There are some discussions about it and I´ve found guy doing a PHP FDF that seemed to address the issue...
https://github.com/mikehaertl/php-pdftk/blob/master/src/FdfFile.php
Can you give me an example of some data you are putting in that's coming back weird? It would make it easier to have a use-case where the library is broken.
Also, any idea where in the code that it handles Unicode? At a glance it looks like it's here, but I hardly ever mess with PHP so I'm not 100% sure what I'm looking at.
Reading the comments, it looks like FDF files store their keys and values using UTF-16 (Big Endian), which is probably the problem. Light research indicates that JS uses either, depending on how it's implemented (which may handled differently with Node).
I'm looking around for a way of converting a normal string to UTF-16BE now for JavaScript, see if there's any easy way of fixing this.
Looking at it, it looks like punycode
handles string conversions, plus it's bundled with Node by default.
Helpful Links:
2ality Post on Unicode in JavaScript
punycode Documentation
Thanks for looking into it, I´ve been experimenting with iconv-lite to get it converted to UTF-16BE, but it seems that needs to use not strings but Buffers...
I´ve gotten it to work right with iconv-lite when patching the header manually... Not quite sure how to write out the header in the right way, the current way doesn´t quite work with the Buffers...
Encoding issues are a bi***... I´ve actually given up, looked around and found the xfdf npm handels it much better... :)

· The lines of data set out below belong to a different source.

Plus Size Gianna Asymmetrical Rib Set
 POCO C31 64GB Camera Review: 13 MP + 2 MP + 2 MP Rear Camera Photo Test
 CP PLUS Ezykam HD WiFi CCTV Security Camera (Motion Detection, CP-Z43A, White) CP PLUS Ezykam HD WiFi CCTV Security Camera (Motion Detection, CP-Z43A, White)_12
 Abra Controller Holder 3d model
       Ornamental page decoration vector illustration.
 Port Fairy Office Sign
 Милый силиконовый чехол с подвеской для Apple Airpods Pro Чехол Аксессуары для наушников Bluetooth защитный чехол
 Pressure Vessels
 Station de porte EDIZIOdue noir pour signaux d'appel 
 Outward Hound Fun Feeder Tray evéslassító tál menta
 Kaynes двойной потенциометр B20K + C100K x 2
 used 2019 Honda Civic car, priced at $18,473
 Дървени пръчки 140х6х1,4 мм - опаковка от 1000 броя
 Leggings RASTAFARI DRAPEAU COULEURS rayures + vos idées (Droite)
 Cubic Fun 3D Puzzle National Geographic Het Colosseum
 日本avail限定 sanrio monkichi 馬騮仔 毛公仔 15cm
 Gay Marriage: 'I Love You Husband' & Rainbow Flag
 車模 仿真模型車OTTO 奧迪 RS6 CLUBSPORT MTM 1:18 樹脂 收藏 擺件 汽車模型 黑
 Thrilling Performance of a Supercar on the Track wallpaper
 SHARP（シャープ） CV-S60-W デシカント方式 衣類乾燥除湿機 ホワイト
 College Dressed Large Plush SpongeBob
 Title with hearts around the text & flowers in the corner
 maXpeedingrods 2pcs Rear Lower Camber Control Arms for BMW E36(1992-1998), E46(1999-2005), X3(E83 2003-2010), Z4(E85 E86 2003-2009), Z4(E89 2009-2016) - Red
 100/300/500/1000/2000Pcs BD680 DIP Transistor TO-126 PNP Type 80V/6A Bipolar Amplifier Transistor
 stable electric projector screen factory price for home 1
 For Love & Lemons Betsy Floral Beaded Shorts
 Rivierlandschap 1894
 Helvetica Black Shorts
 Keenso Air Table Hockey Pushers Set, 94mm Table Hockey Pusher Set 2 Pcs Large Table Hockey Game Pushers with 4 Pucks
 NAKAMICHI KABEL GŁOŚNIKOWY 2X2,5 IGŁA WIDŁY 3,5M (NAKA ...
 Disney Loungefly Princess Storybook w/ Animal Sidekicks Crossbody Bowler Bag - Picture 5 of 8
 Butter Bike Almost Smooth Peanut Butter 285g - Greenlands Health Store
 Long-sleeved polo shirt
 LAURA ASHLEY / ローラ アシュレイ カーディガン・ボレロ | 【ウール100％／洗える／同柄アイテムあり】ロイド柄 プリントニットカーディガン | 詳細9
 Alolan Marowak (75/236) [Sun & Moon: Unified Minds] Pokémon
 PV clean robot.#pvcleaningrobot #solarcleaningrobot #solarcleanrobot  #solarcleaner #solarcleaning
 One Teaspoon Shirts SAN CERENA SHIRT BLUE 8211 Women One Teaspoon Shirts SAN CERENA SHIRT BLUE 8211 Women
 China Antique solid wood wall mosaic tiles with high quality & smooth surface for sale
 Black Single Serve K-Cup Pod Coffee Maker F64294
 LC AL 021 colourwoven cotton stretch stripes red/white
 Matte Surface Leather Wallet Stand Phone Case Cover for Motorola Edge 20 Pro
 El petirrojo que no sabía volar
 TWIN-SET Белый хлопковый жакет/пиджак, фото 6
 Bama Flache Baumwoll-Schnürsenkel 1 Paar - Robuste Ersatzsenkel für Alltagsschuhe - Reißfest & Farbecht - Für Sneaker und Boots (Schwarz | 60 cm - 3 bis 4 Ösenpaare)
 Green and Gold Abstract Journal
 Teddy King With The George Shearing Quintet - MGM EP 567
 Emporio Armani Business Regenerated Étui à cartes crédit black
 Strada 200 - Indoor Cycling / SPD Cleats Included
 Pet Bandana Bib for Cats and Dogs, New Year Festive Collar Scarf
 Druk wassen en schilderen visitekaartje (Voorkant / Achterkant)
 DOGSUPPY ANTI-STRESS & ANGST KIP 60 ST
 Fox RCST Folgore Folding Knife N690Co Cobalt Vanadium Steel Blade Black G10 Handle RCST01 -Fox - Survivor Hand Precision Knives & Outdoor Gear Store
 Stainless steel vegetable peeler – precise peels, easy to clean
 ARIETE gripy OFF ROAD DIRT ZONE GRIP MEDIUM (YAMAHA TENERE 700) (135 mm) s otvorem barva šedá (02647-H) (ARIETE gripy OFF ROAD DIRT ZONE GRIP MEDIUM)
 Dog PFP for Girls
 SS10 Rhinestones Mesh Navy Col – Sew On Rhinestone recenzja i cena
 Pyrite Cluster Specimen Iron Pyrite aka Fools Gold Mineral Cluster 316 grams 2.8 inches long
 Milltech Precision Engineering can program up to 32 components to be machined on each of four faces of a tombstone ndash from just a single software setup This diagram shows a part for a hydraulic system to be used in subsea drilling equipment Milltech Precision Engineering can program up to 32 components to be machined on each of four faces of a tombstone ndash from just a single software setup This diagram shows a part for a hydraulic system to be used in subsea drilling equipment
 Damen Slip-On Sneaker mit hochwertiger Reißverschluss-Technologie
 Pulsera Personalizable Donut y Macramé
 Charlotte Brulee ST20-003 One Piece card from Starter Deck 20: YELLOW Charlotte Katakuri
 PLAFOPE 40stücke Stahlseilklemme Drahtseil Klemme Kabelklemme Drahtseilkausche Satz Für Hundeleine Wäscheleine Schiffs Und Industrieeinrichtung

Cool find - it might be good to merge this project into xfdf one since they're both tiny and similar in purpose (handling different flavours of adobe data)
Great :)...
One thing I stumbled upon while searching for a solution was http://rhaseventh.blogspot.de/2014/04/node-js-pdf-fill-from-fdf-with-utf-16.html - I couldn´t quite get it to write out the header special characters in the right way though... Might help though :)